Yo lo encontré seis años después de habernos conocido, el 28 de julio de 2010 a las 13 horas con 35 minutos (otra vez por los datos del archivo). Él estaba consultando el mapa de la frontera en un establecimiento cerca del Puente Mariposa. Lo vi de lejos y medio lo reconocí como rostro familiar sin saber de dónde. Me acerqué y le pregunté si nos conocíamos de alguna parte, si él como yo también venía de Hermosillo. Con la misma cara adusta que mostraba unos años antes me dijo que no. Esa no era una respuesta nada rara. La frontera es un territorio muy agreste y la reacción de cualquiera con los extraños es de desconfianza.
Me retiré unos metros y luego de unos minutos lo reconocí en definitiva. Me acerqué de nuevo y le expliqué que nos habíamos conocido unos años antes, que yo era uno de los que le habían acompañado a él y su primo aquella vez. Ahí ya le cambió la cara adusta por una más agradable. Nos saludamos los dos con algo que parecía gusto auténtico. Personalmente yo sí sentí un gusto por verlo de nuevo, también sorpresa porque la migración dentro del flujo constante a través del tiempo pudiera dar esta oportunidad de reencuentro. Además los Méndez Faya estaban pegados y eran parte de la misma historia que ahora me ocupa.
En seis años él había entrado y salido para viajar varias veces entre Estados Unidos y su casa en Honduras. Me enseñó una cicatriz de bala en el costado izquierdo a la altura de la cintura o espalda baja. Se la hicieron una ocasión que no quiso pagar peaje en el tren en Sinaloa; él estaba subiendo la escalera al techo de un vagón cuando le taparon el paso desde arriba; le cobraron, se negó, le apuntaron una pistola y él se lanzó hacia atrás con el tren en movimiento; en la caída le soltaron el disparo. Se salvó por partida doble.

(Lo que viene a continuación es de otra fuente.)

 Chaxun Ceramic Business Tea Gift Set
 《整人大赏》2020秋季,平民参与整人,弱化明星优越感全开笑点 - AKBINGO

Rehuyo un poco de escribir en primera persona porque la autoexplotación me parece un error de perspectiva básico en el periodismo. A diferencia de las opiniones escritas que son personales, esto es lo más primera persona que he redactado hasta ahora. A pesar de eso, lo escribo porque he pensado el asunto unos 16 años y la verdad es que nada más tengo dudas y ninguna certeza. También debo reconocer, en justicia y salud, que escribo para nombrar a las personas queridas porque uno se involucra en las historias que conoce y la imparcialidad suele beneficiar al lado que provoca las desigualdades. No puedo romantizar la experiencia dada la magnitud del flujo y tráfico de personas pero éste fue uno de mis primeros contactos profesionales con la migración y uno de los más significativos. El otro dilema al escribir es que el texto se interprete como una promoción del prejuicio respecto al migrante cuando lo que intento es narrar las casualidades fortuitas que armaron el relato. En todo caso, si el supuesto desertor no era tal, tampoco pondría el enfoque en un juicio de valor sobre la persona sino en lo que agrega a la curiosidad del hecho.
Fueron tres días que hasta hoy tardé nada más 16 años en medio resolver y bueno sería que pronto o luego haya un desenlace.
Por cierto, ahora al escribir recordé el nombre de Hugo, cuando empecé con el texto sólo tenía presente el de Ricardo.